Robert chuckled grimly. “You, pray?”
“Every man does when he truly needs to,” came the reply.
Then Dracula turned to his mummified accomplice. “That is the true purpose of my quest to revive you! I am guilty of not having revealed this in a timely manner, but as an apology, I offer a route to safety. If you wish, you may leave this dire plot behind; I will deposit you anywhere in the world you desire. I will educate you about vampirism, about how to endure an immortality submerged in darkness without ever sacrificing the high life. (Now that I think of it, with your sunny mummy powers you may tolerate sunlight...)
“But should you resolve to come with us, and protect a world you have never seen from a world you do not know, I shall protect you as leader until my last blood-soaked breath!”
Had Adam stayed awake the night prior to hear about Igor, to learn how seamlessly he navigated life as dual werewolf and vampire—and as president, no less! —he may well have asked Dracula to set him up straightaway in the same way. All he knew, however, was that society had never meant hospitality.
He laughed uproariously! “Ah, you old bat, you forget!” he cried. “Indeed I could leave your service—and run in fearful flight for all my days.

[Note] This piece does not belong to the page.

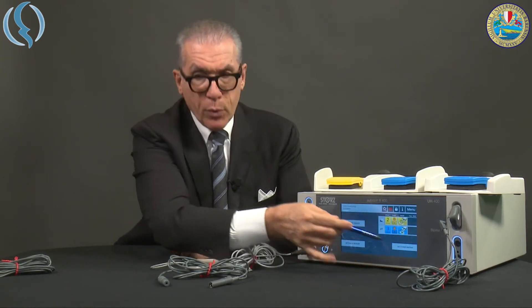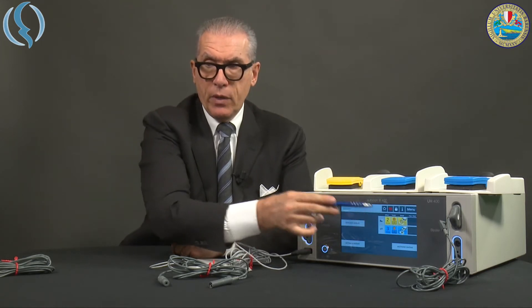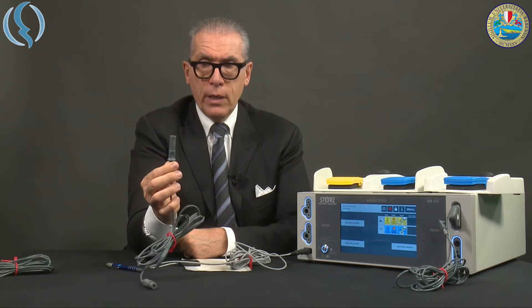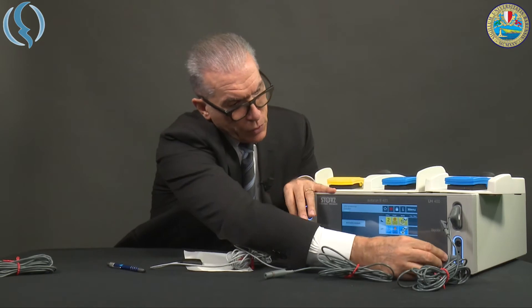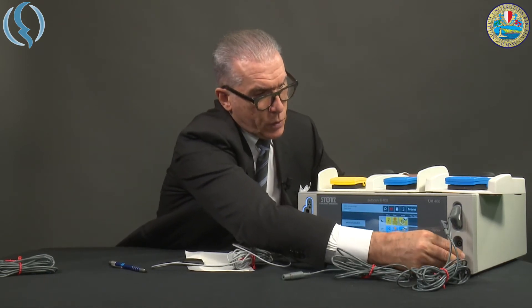You give the approval and you go directly into the specific mode. Then we have the general-purpose bipolar cable that is inserted in the dedicated socket here.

I have drunk deep of that life. No more. Here in this home, I feel more accepted than I have anywhere else in my storied history. Even the blind fled me, tripping over their foreign objects! I sit before you thinking of the world’s perception of me, scrawled second-hand by the sailor-adventuress Mary Shelley. Yet by week’s end,” he said with great warmth, “I may not be merely in 'fiction.' We all may land in the history books.”
“So it is settled, Prometheus!” Dracula deemed. He whipped an arm from his cloak and pointed two fingers to the two figures. “So we have here assembled two braves renowned the world over for strength...that is, if you still possess, fair Robert, the muscle to overturn automobiles?”
“Most, prodigiously,” the manfish confirmed, curling a bicep.
“I shall fill out the team with two specialists: one with knowledge of the arcane sort, the other with a speed yet unmatched in all the world—this world, at least!”
And the castlebat was off, his sights set for bully England!